Смерть можно будет побороть
Усильем воскресенья.
Эта воля пробуждает от мутного сна обыденности, как о том рассказывает древняя сирийская «Песнь о жемчужине», переведенная С. Аверинцевым. Царский сын, забывший на чужбине (в Египте, то есть в рабстве) и свой род, и свое задание (отнять у Змея и принести Отцу таинственную жемчужину), получает спасительное послание из дома:
Как начертано было в сердце моем,
Так и были начертаны слова письма.
Я вспомнил, что царский я сын,
Что свобода моя взыскует сродного ей,
Вспомнил и о жемчужине оной,
Коей ради пришел я в Египет…
Современный человек вспомнил о том, что он нищий и никчемный, что он бессильный раб: об этом забывал классический гуманизм, забывало Просвещение. Но эта память не будет окончательно правдивой, если она не дойдет до конца, то есть до начала:
Я вспомнил, что царский я сын.
Если он не вспомнит, что он — тот, кого помнят: чему не перестает изумляться Псалмопевец. «Ты помнишь о нем» — в этом он не сомневается. Он изумлен другим: почему?
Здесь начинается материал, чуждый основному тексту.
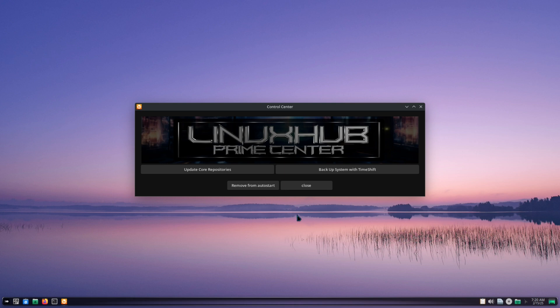You guys, that's gonna do it for this video. If you're new to the channel please go ahead and subscribe. If you like the video you just saw please give it a like, and if you didn't like the video give it a thumbs down. It's all fair on LinuxHub Prime.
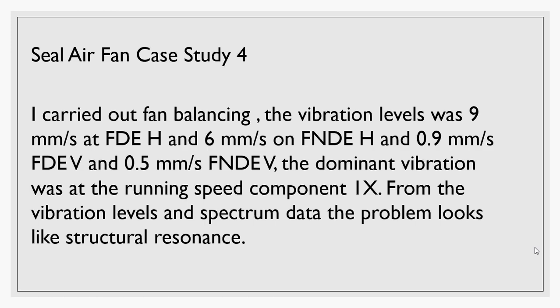But in this case, the vibration levels was really high on the horizontal and very tiny in vertical, which makes you suspect it's not pure imbalance but might have some structural looseness. What I thought was: why not have some amount of residual imbalance affecting the structure and making it move more in the horizontal direction because of the flexibility of the structure?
И кто напомнит нам о нашем начале, кто напишет нам слова, которые «были начертаны в сердце нашем»? Я думаю: святой. И художник.
Светская культура и Церковь: поле взаимодействия[120]
Тема современного состояния отношений светской культуры и Церкви в России для меня совсем не ясна. Поэтому я начну с того, что мне ясно: с совсем кратких заметок о таких встречах в нашей истории. Их немного. Как известно, Александр Пушкин и великий русский святой Серафим Саровский были современниками, но представить их встречу (их взаимное знание друг о друге) немыслимо. Светская культура послепетровского времени и церковная жизнь располагались в разных пространствах. Первым разрывом этой изоляции была эпоха Серебряного века.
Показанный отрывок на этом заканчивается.